### Exercise goal
Print all the data below exactly, without images.

### Supplied information
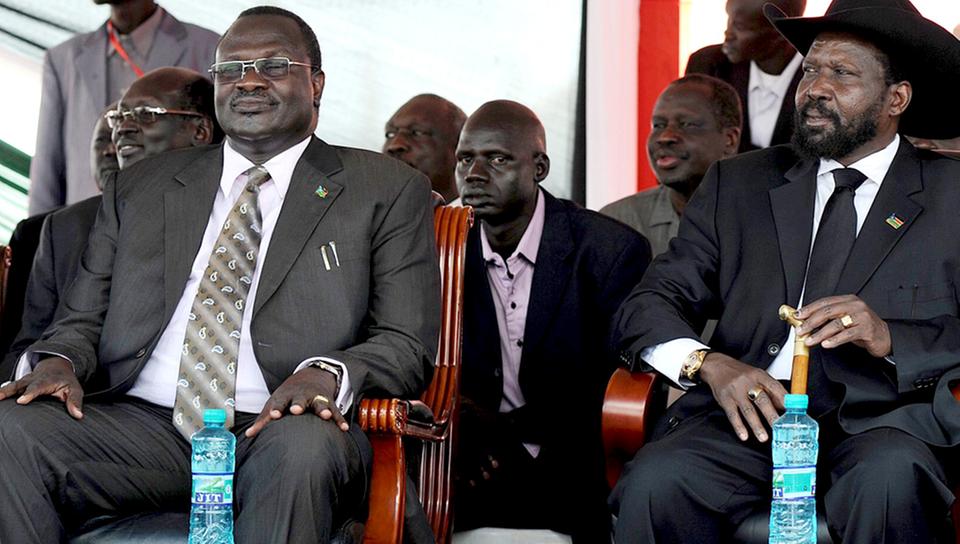 Ex-South Sudan Army Chief Calls for New leadership Without Kiir, Machar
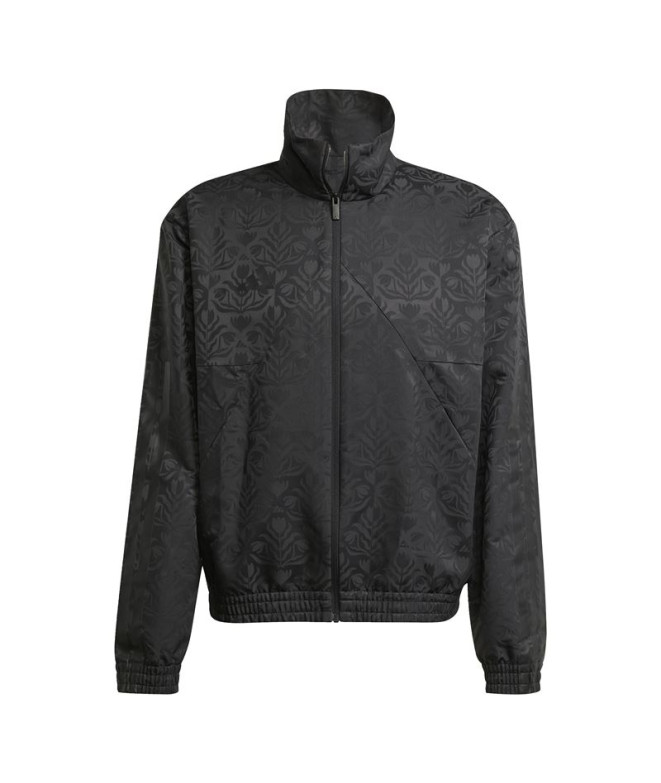 Veste adidas Tiro Woven Tt Q3 Homme Noir
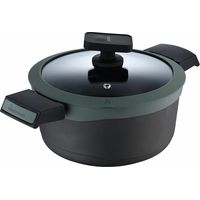 Casseruola - GENERICO - BGMP-8106 - Ghisa di alluminio Ø20 cm - 2,7 L - Antiaderente & induzione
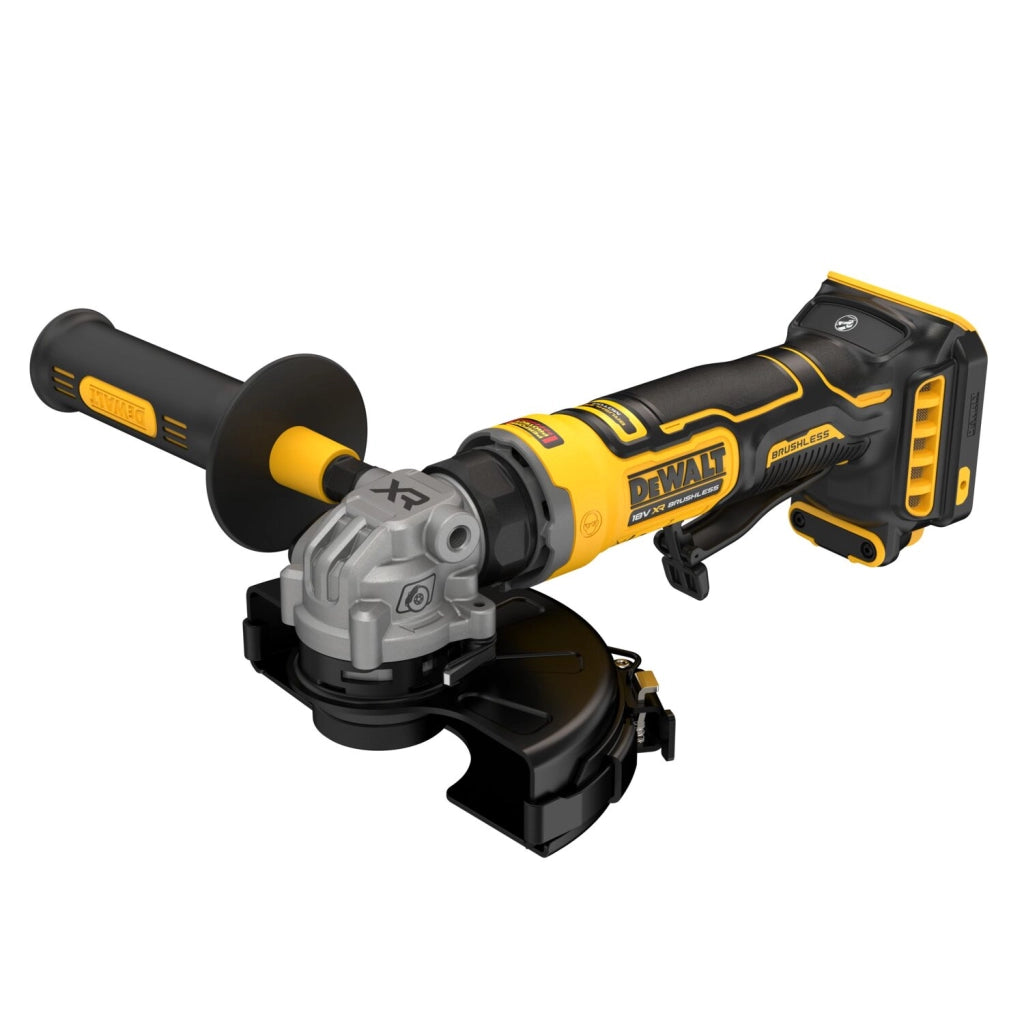 Smerigliatrice Angolare DeWalt 18V Brushless 125mm DCG404NT-XJ + Valigetta TSTAK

### Answer area
 Ex-South Sudan Army Chief Calls for New leadership Without Kiir, Machar
 Veste adidas Tiro Woven Tt Q3 Homme Noir
 Casseruola - GENERICO - BGMP-8106 - Ghisa di alluminio Ø20 cm - 2,7 L - Antiaderente & induzione
 Smerigliatrice Angolare DeWalt 18V Brushless 125mm DCG404NT-XJ + Valigetta TSTAK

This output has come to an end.